Top of Supplied information
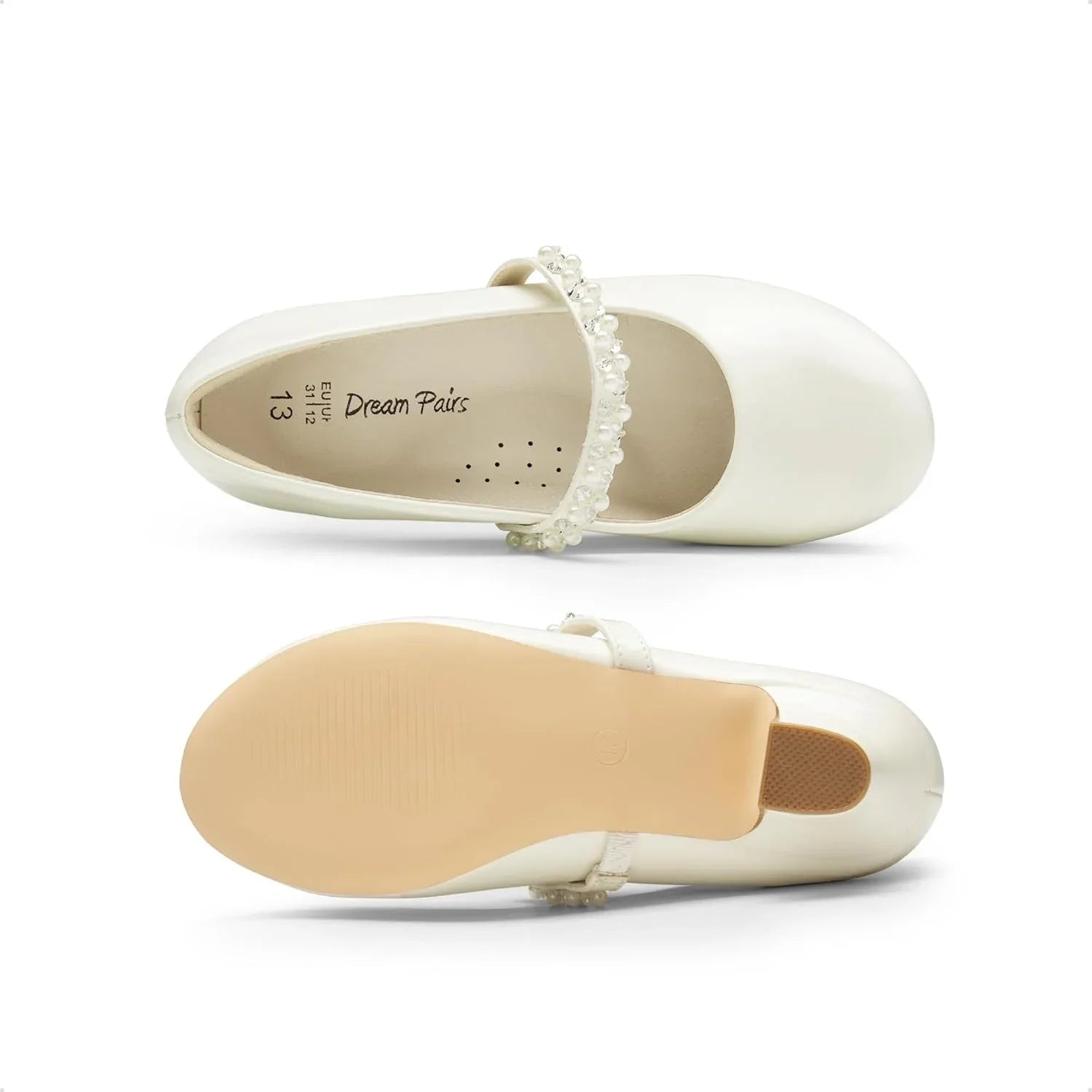 DREAM PAIRS Girls Low Heel Mary Jane Shoes with Rhinestones. - Gomix Brands Outlet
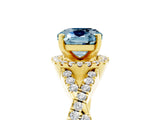 Yellow gold Cushion Cut Aquamarine  Halo Twist Band Solitaire Prong Setting Ring_29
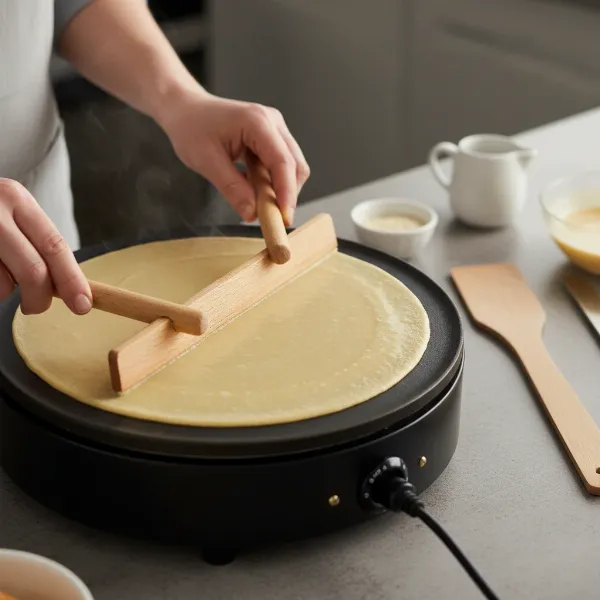 Hands using a T-spreader and spatula on a crepe maker.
Bottom of Supplied information
### What the task requires
Print the material above once more, exactly. No pictures belong in it.

### Completed task
 DREAM PAIRS Girls Low Heel Mary Jane Shoes with Rhinestones. - Gomix Brands Outlet
 Yellow gold Cushion Cut Aquamarine  Halo Twist Band Solitaire Prong Setting Ring_29
 Hands using a T-spreader and spatula on a crepe maker.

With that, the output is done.